The National Parks Service has a 28 page brochure titled “Slavery: Cause and Catalyst of the Civil War.” The subhead reads: “A number of issues ignited the Civil War: states’ rights, the role of the federal government, the preservation of the Union, the economy; but all were inextricably bound to the institution of slavery.” Historians largely agree slavery was the cause of the Civil War.

Benton, who said he’s a member of the Georgia Sons of Confederate Veterans, has filed similar measures in the past. Last year, he drew national attention after telling the Atlanta Journal-Constitution, the Ku Klux Klan “was not such a racist thing but a vigilante thing to keep law and order.”

Benton said he doesn’t see a connection between honoring the Confederacy, along with its history and symbols, and recent violence and harassment of black people.

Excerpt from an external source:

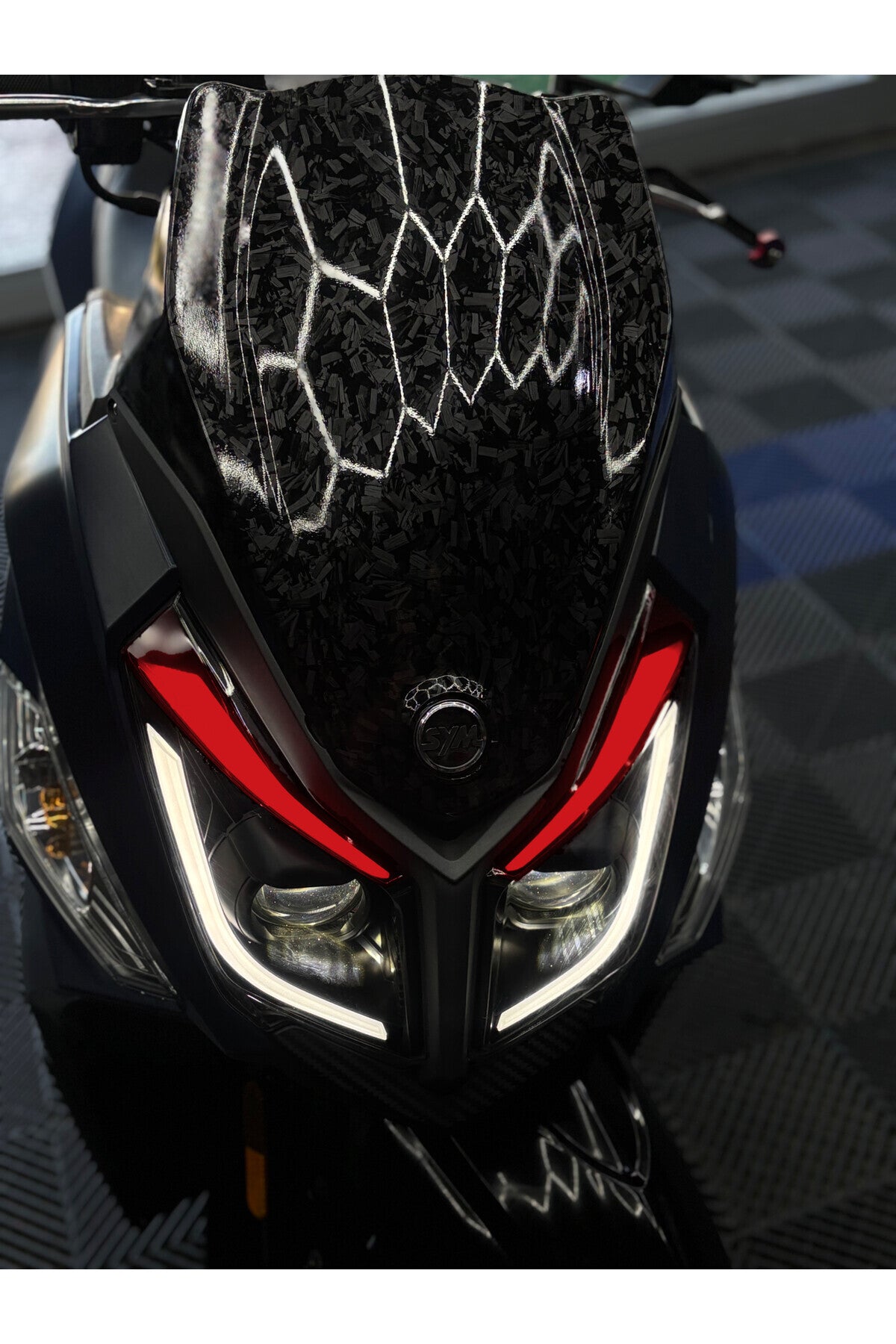 SYM Jet 14 Scooter için Gündüz Ledi Far Renklendirme Sticker Far Tasarım Film (Sağ ve Sol)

A Georgia couple this year was sentenced to more than a decade in prison after they were found guilty of making terroristic threats to mostly the black attendants of a child’s birthday party. A group drove by the party waving Confederate battle flags and brandishing shotguns. The judge in the case said the couple’s actions was motivated by racial hatred.

“This idea of every time something bad happens and wanting to blame it on a flag, or the idea of slavery, it’s just not right,” Benton said.

About the shooting by Dylann Roof of nine members of the historically black Emanuel A.M.E. Church in Charleston, South Carolina, Benton said the media exaggerated the shooter’s connection to the Confederate flag, and Confederate history.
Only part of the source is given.